Il timore è che la Corte dei conti, in caso di condanna, contesti un danno erariale. «Un programma come questo lo fai se condividi i rischi e la tutela avuta finora prevede la rivalsa in caso di condanna per colpa grave. Detto questo, l’attenzione al danno erariale bisognerebbe averla in testa anche quando si assegnano le poltrone: solo a persone competenti».
Perché si è rivolta a un avvocato? «Finora non ho mai pensato che l’azienda per cui lavoro mi mettesse clausole peggiorative. Ora penso sia meglio farmi tutelare».
Tratta con la7? «Non ho trattative in ballo con nessuno».
Che effetto le fanno le intercettazioni di chi chiedeva la sua testa? «Non posso non chiedermi da chi viene in realtà gestita la più grande azienda culturale del Paese. Chi è che decide le competenze più adatte».
E la vicenda Santoro? «È stata incentivata l’uscita di un asset strategico. Quando la Fiat elimina un modello che funziona, sa come rimpiazzarlo. Da quel che leggo sono altri a decidere cosa va bene e cosa no. Si può condividere o no il prodotto Santoro, ma la Rai vive di ciò che manda in onda e deve rispettare la mission di servizio pubblico e portare a casa ascolti».

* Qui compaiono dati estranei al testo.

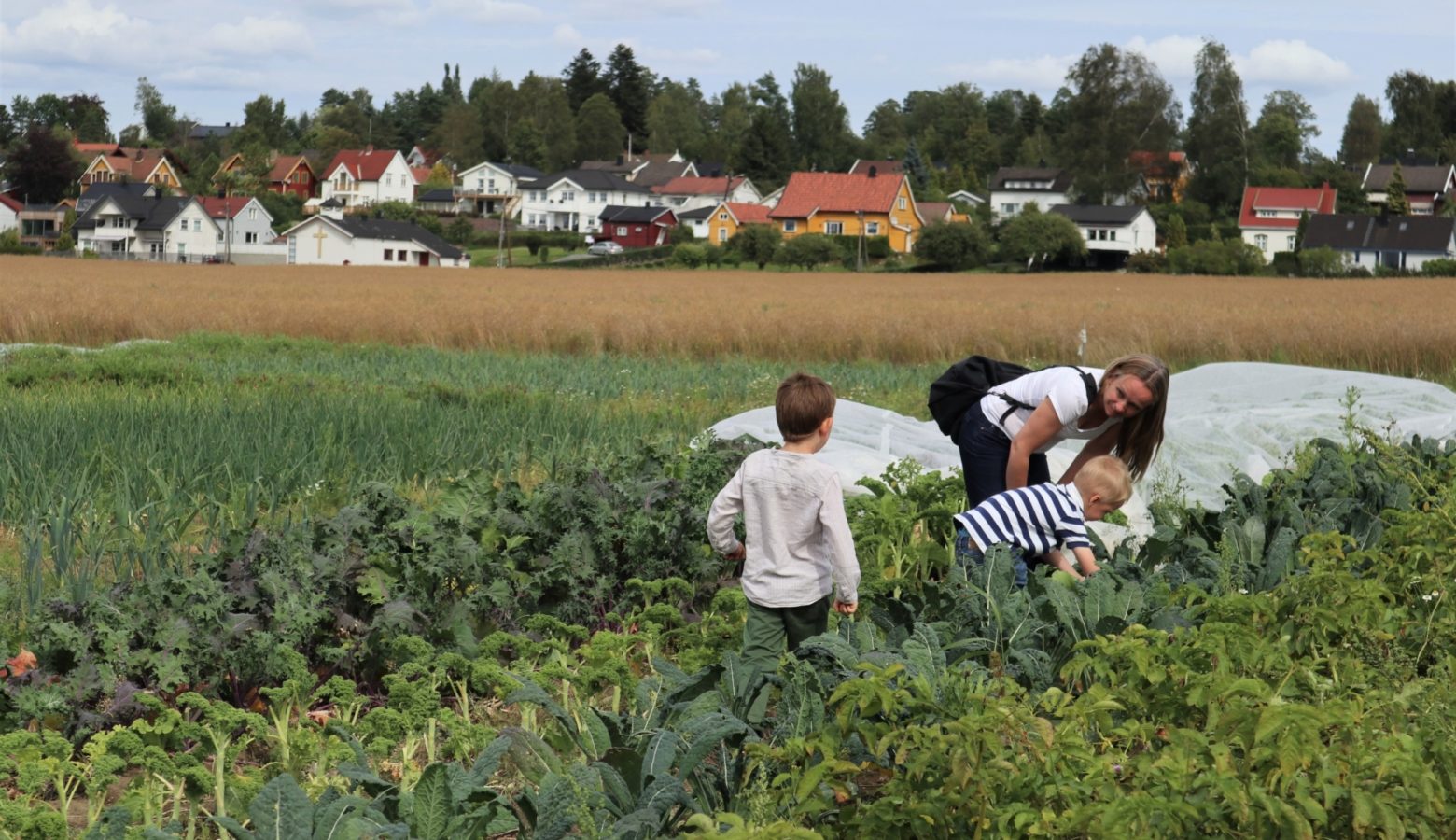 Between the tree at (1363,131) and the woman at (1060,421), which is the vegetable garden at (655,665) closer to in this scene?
the woman at (1060,421)

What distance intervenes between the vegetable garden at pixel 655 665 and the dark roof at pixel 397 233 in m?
68.2

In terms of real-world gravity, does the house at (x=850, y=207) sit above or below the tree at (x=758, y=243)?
above

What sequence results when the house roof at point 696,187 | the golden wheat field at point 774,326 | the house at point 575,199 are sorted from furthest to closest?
1. the house roof at point 696,187
2. the house at point 575,199
3. the golden wheat field at point 774,326

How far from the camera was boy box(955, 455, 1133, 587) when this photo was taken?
205 inches

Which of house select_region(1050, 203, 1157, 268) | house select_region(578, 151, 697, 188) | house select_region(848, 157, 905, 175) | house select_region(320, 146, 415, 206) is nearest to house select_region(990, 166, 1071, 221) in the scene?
house select_region(848, 157, 905, 175)

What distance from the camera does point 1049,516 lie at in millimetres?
5230

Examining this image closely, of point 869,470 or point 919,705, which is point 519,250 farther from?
point 919,705

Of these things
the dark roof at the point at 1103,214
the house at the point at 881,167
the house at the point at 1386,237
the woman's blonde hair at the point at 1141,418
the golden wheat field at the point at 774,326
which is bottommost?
the golden wheat field at the point at 774,326

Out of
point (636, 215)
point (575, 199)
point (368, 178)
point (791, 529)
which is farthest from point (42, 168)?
point (791, 529)

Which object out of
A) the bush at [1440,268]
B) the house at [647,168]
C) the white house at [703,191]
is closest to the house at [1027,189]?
the white house at [703,191]

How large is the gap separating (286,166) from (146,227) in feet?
120

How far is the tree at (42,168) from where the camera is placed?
320 ft

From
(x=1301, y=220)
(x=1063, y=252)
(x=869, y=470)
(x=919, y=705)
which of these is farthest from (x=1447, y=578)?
(x=1301, y=220)

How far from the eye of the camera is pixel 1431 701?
346 cm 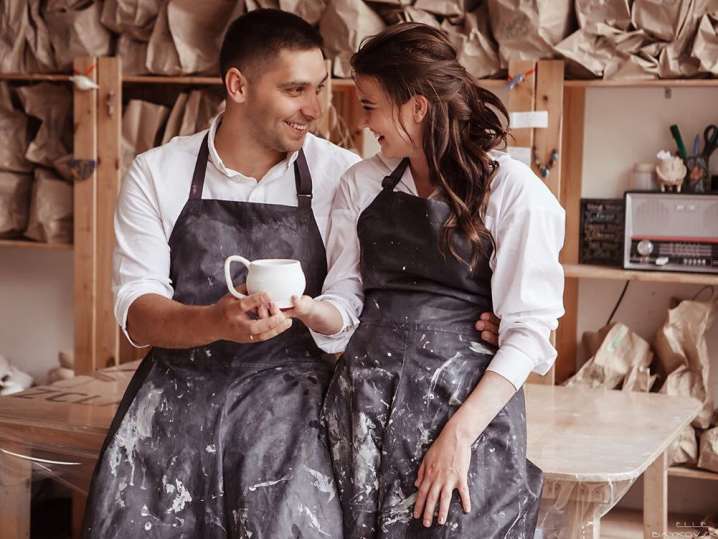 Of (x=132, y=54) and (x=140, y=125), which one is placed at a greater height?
(x=132, y=54)

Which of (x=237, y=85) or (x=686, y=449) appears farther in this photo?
(x=686, y=449)

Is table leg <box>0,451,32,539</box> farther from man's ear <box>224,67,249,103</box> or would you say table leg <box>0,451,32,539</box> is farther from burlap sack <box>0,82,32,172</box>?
burlap sack <box>0,82,32,172</box>

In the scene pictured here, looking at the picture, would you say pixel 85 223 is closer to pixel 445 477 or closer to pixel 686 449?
pixel 686 449

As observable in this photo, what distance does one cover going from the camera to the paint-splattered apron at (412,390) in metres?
1.86

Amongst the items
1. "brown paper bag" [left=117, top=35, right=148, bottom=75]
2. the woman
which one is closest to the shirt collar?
the woman

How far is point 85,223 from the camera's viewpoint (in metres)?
3.99

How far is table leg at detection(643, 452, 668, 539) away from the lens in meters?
2.37

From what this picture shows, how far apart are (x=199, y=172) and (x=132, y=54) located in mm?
1839

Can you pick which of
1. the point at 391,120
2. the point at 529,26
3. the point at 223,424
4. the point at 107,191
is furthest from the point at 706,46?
the point at 107,191

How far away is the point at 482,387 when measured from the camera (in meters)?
1.86

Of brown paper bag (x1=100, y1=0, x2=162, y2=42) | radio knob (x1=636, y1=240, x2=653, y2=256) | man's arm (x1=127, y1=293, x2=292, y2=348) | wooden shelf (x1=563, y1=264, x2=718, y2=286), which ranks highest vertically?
brown paper bag (x1=100, y1=0, x2=162, y2=42)

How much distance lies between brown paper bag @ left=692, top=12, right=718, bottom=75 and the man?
56.0 inches

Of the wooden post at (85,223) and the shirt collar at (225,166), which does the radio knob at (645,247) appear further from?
the wooden post at (85,223)

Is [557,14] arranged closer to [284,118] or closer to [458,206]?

La vorrebbero a Rainews24. Ci andrebbe? «Anche il direttore Paolo Ruffini ha detto: “Se il problema è questo, assumiamo l’autore di un programma che funziona dal ‘ 97 e costa anche poco”. Mi sembra che vengano assunte persone con curriculum anche meno cospicui del mio. Ma non sono incollata alla sedia. Sarebbe più leale dire: “Non abbiamo più bisogno di voi”. Altrimenti fateci lavorare o quando sarà il momento non saremo pronti».